EXERCISE GOAL: For this exercise, repeat exactly the lines below starting at the line holding "Aria joined the" and ending at the line holding "Open dining area", both included, with no extra lines and no pictures.

DATASET EXCERPTS:
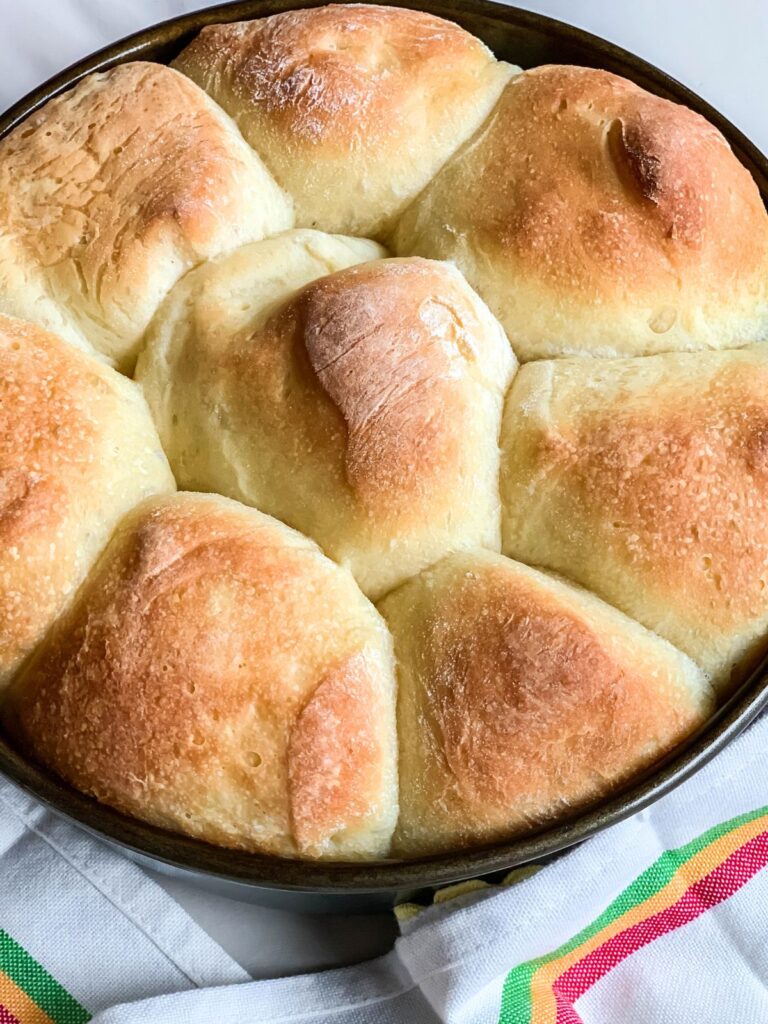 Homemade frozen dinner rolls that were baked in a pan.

==

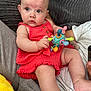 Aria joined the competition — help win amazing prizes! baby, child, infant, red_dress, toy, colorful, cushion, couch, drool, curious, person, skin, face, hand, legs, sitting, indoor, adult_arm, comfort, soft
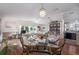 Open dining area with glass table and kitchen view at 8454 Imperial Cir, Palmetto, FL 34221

WORKED SOLUTION:
 Aria joined the competition — help win amazing prizes! baby, child, infant, red_dress, toy, colorful, cushion, couch, drool, curious, person, skin, face, hand, legs, sitting, indoor, adult_arm, comfort, soft
 Open dining area with glass table and kitchen view at 8454 Imperial Cir, Palmetto, FL 34221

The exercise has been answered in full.